For steady-state inference this doesn't matter — once a model is loaded into RAM, disk speed is irrelevant. But the moment you want to switch models, cold-start after a reboot, or load something you haven't used in a while, SATA becomes painful:

Operation	SATA SSD	NVMe Gen 4
Load a 7B model (~4.7 GB)	~9s	~1s
Load a 14B model (~9 GB)	~17s	~2s
Load Mixtral 8x7B (~26 GB)	~50s	~5–6s

That's the difference between an agent that feels responsive when it switches modes and one that makes you sit through a loading screen. Worse, if I ever exceed RAM and the OS starts swapping to SATA, the machine becomes molasses.

The fix is obvious: a 1TB Gen 4 NVMe for model storage, the existing SATA SSD demoted to logs and backups. Same dual-drive logic that's already working on Hermes. I'll do this before scaling beyond 2–3 agents — it's a known upgrade, not a surprise.

The honest version: the split between machines is the right call. The storage choice on Polaris isn't, and I knew it when I started. Sometimes you ship with what you have, then fix the bottleneck once you can measure it.

On Local-Only Inference

Pure local inference for agentic work is romantic but slow. Qwen 14B running at 8 tokens/sec isn't competitive with Claude Sonnet via API for reasoning-heavy tool use. So the real architecture is hybrid:

Claude (subscription) — primary brain, anything that needs actual reasoning
Perplexity Pro via MCP — search-grounded research
Local Polaris models — routing, classification, embeddings, privacy-sensitive tasks, fallback when API limits hit

The local models earn their keep by handling volume — heartbeats, email importance classification, embedding generation — so my Claude quota stays available for the work that actually needs it.
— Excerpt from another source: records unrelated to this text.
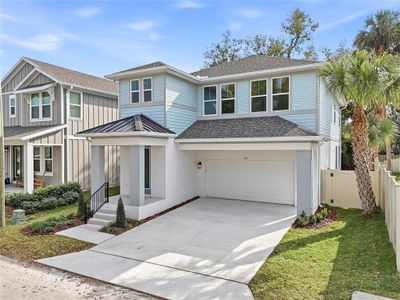 New construction Single-Family house 412 W Paris St, Tampa, FL 33604 - image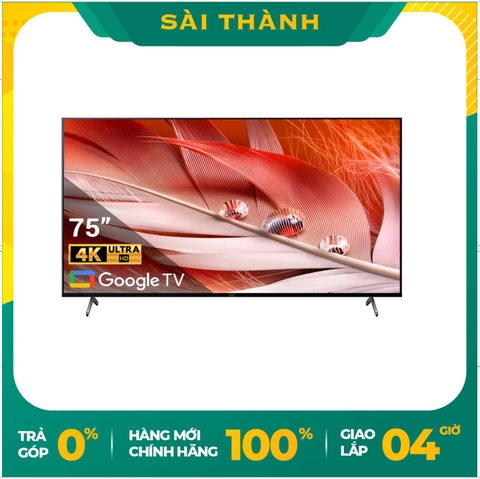 Android Tivi Sony 4K 75 inch XR-75X90J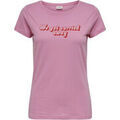 Tee-shirts sur Grenoble : T-shirt Jacqueline De Yong JDYCHICAGO S/S PRINT TOP 12 18 JRS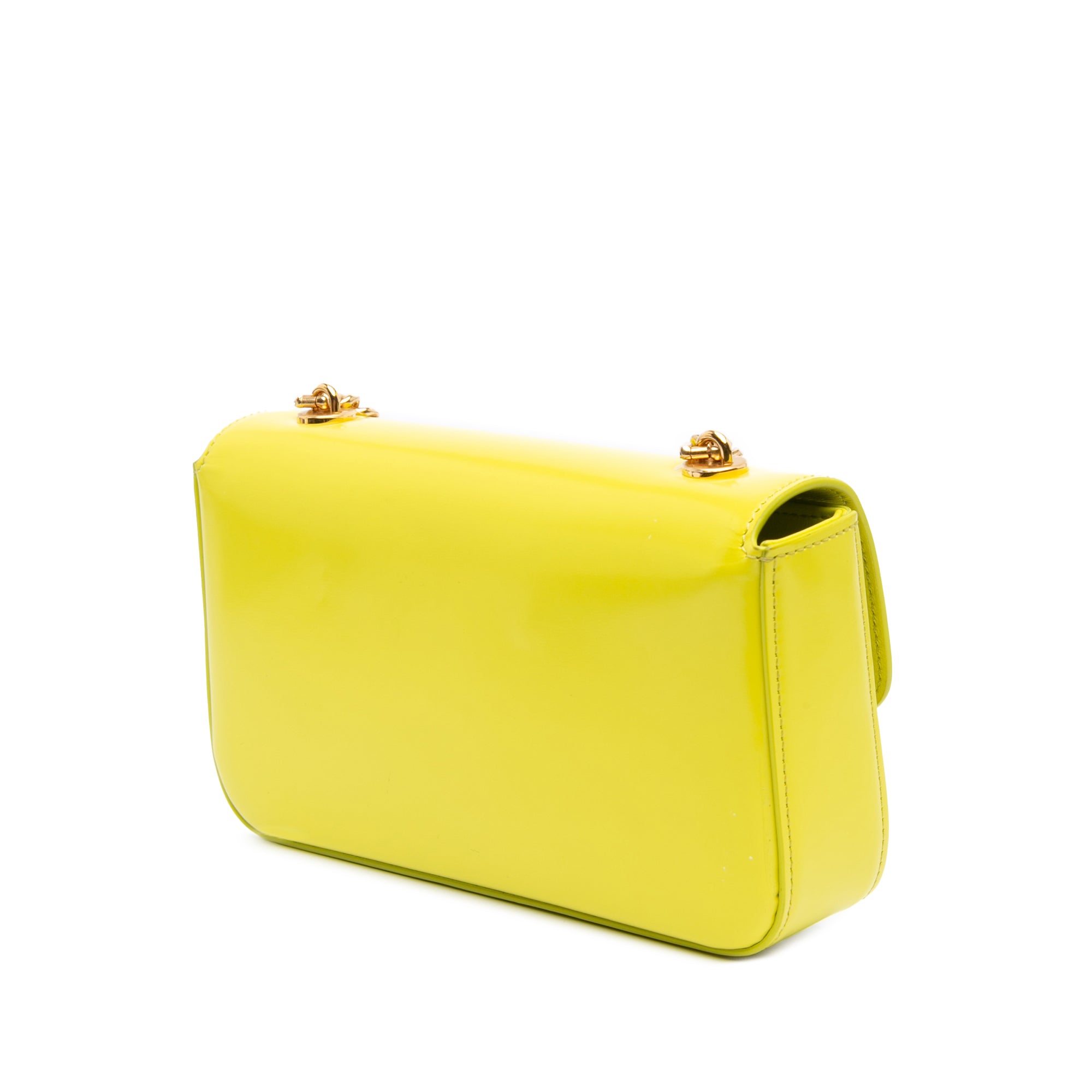 Calfskin Cuir Triomphe Chain Shoulder Bag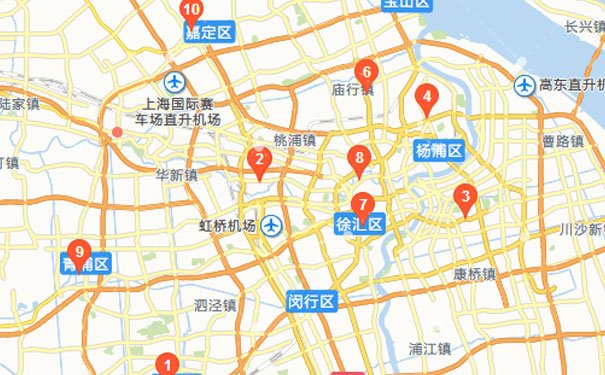 上海会计培训学校排名？学费？地址？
This is the part most "run everything local!" advice skips over.

What I'm Building Toward

Ubuntu Server 24.04 LTS on both nodes — headless, SSH only
Tailscale mesh so I can reach either machine from anywhere
Ollama on Polaris, OpenClaw on Hermes in Docker
One agent first — morning briefing that pulls calendar, email, and LeetCode streak
Scale to 5–6 specialised agents once routing is solid

I'll write the next post once the first agent is actually running and I have real data on what works and what doesn't. There's enough breathless "I built JARVIS in a weekend" content on the internet. I'd rather write the version that includes the boring parts — the model that hallucinates tool arguments, the agent that fires too often, the rate limits that catch you in week two.

If you're thinking about a similar setup: don't buy faster hardware before you've matched workload to the hardware you already own. The split between Polaris and Hermes is doing more work than any upgrade I could have made.

More soon, once they start earning their names.